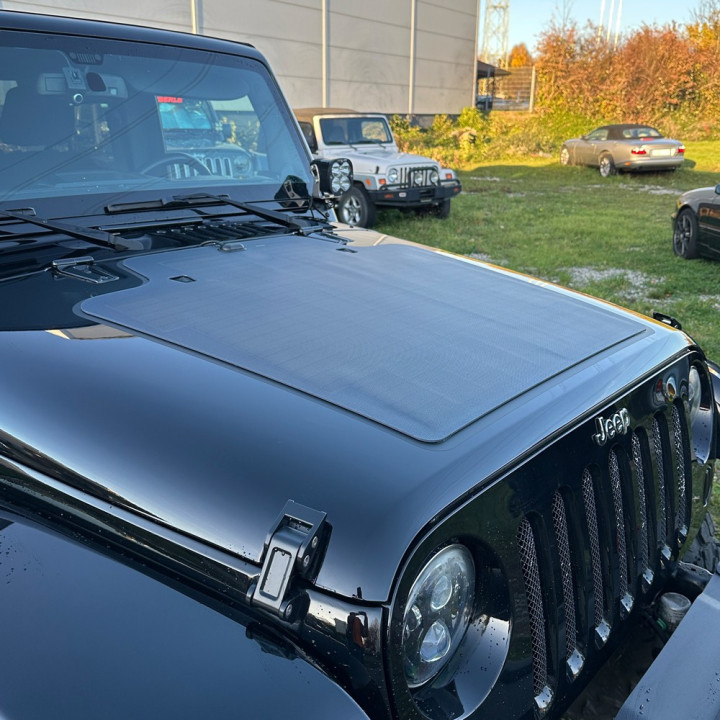 Passgenaues Solarpanel für Motorhaube JL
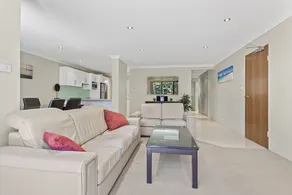 Nicholli, Bay Parklands, Unit 30/2 Gowrie Ave - Image 2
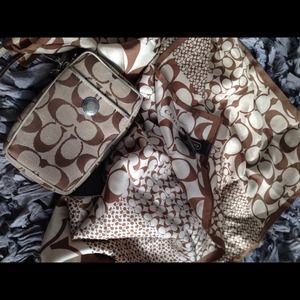 ON HOLD‼️bundle for @christyluvs3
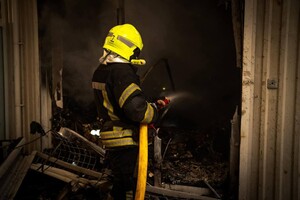 Огромные воронки и сотни разбитых окон: в ГСЧС показали последствия атаки по Одесской области фото 3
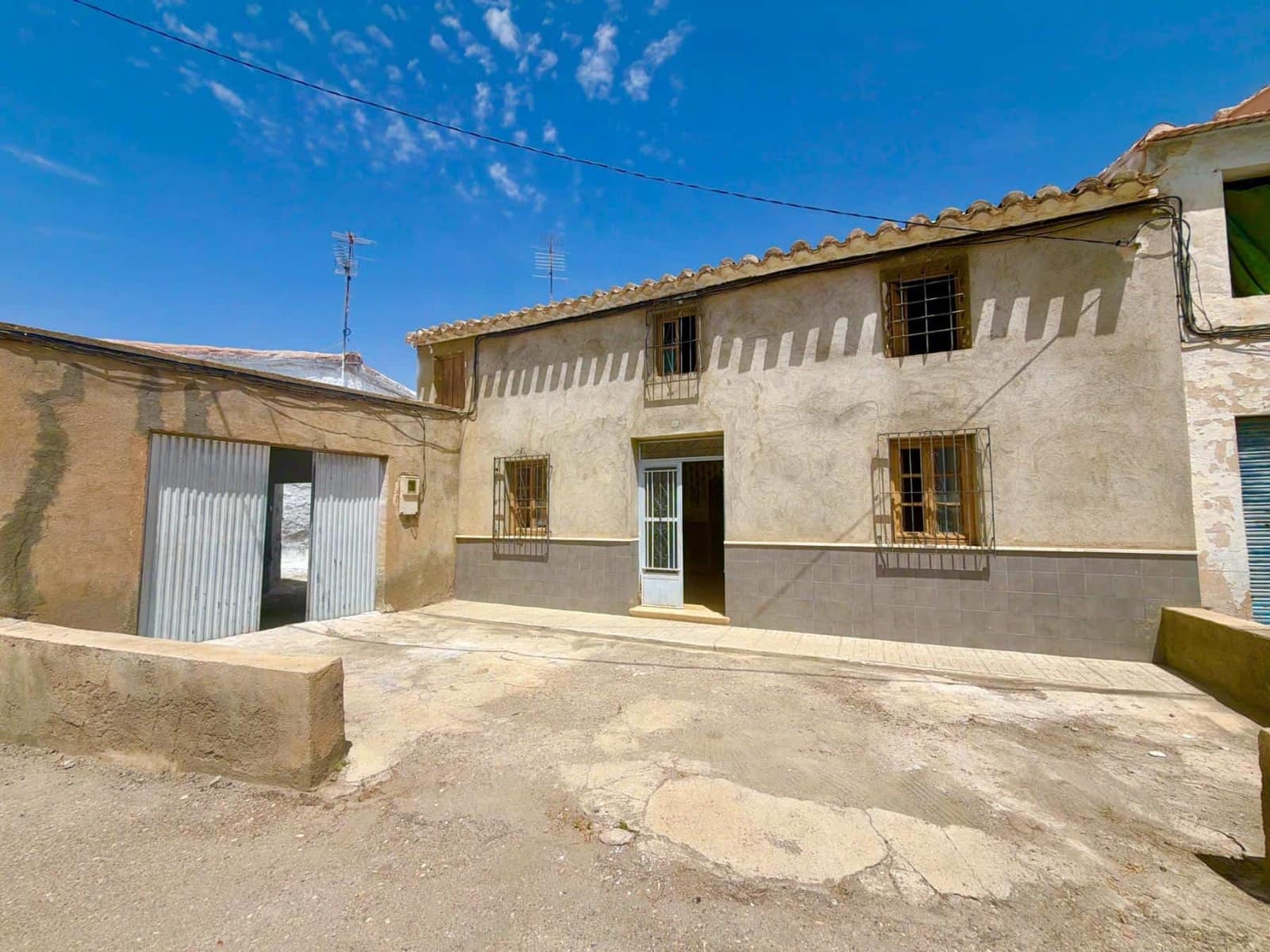 4 slaapkamer Villa te koop in Huercal-Overa met garage - € 69.950 (Ref: 10089578)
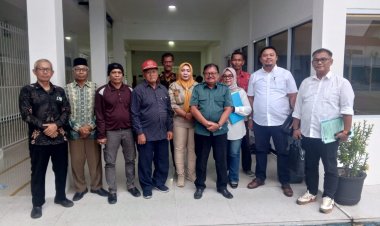 " KURSI KOSONG DI RUANG KEADILAN : PT.BLP MANGKIR DARI SIDANG GUGATAN 253 HEKTARE DI PENGADILAN NEGERI PANGKALAN BUN " 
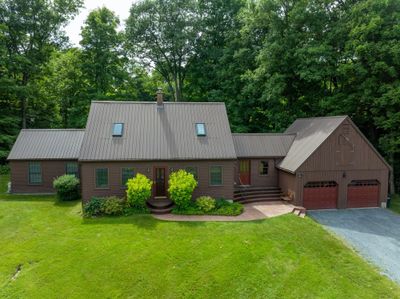 108 Windrow Lane, House other with 3 bedrooms, 1 bathrooms and null parking in Hinesburg VT | Image 1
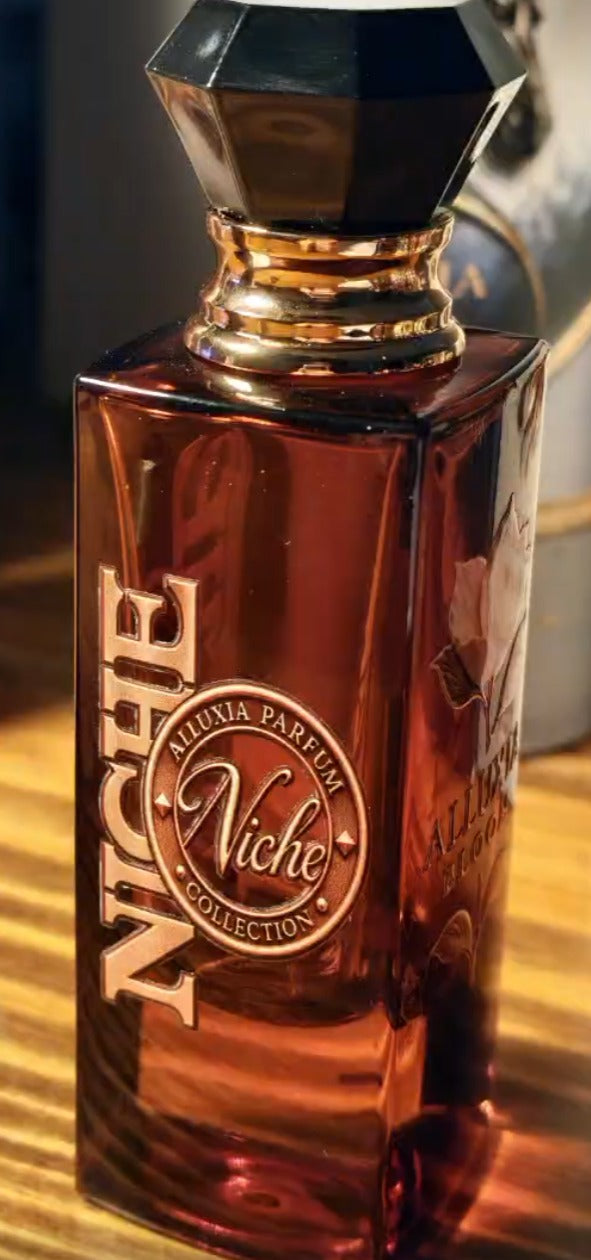 Niche Collection parfüm şişeleri üzerinde altın tonlu UV-DTF logo uygulaması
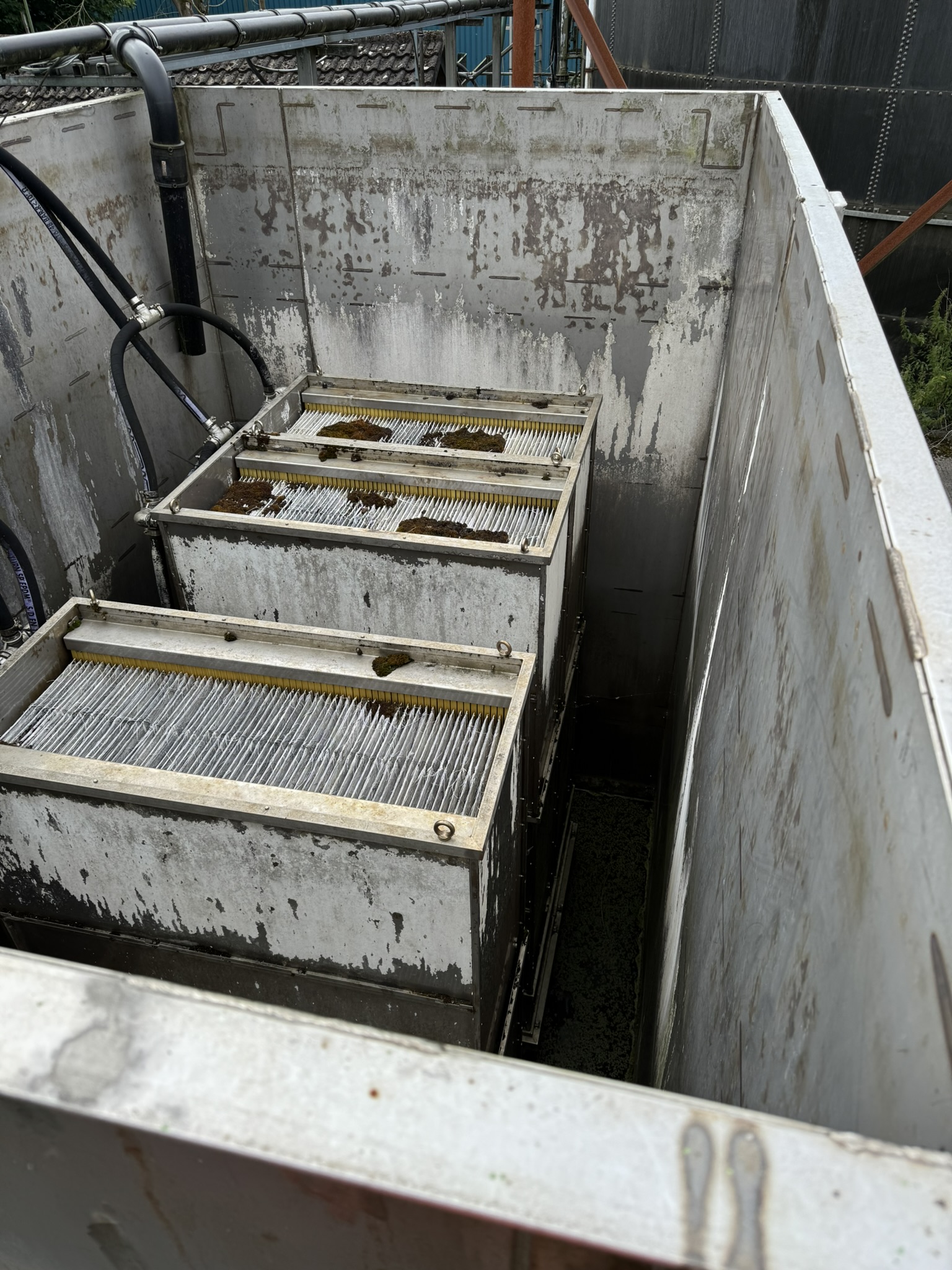 Gill Tank Filter System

● WHAT IS BEING ASKED
Would you retype every record above exactly, leaving out the pictures?

● RESULT OF THE TASK
 Passgenaues Solarpanel für Motorhaube JL
 Nicholli, Bay Parklands, Unit 30/2 Gowrie Ave - Image 2
 ON HOLD‼️bundle for @christyluvs3
 Огромные воронки и сотни разбитых окон: в ГСЧС показали последствия атаки по Одесской области фото 3
 4 slaapkamer Villa te koop in Huercal-Overa met garage - € 69.950 (Ref: 10089578)
 " KURSI KOSONG DI RUANG KEADILAN : PT.BLP MANGKIR DARI SIDANG GUGATAN 253 HEKTARE DI PENGADILAN NEGERI PANGKALAN BUN " 
 108 Windrow Lane, House other with 3 bedrooms, 1 bathrooms and null parking in Hinesburg VT | Image 1
 Niche Collection parfüm şişeleri üzerinde altın tonlu UV-DTF logo uygulaması
 Gill Tank Filter System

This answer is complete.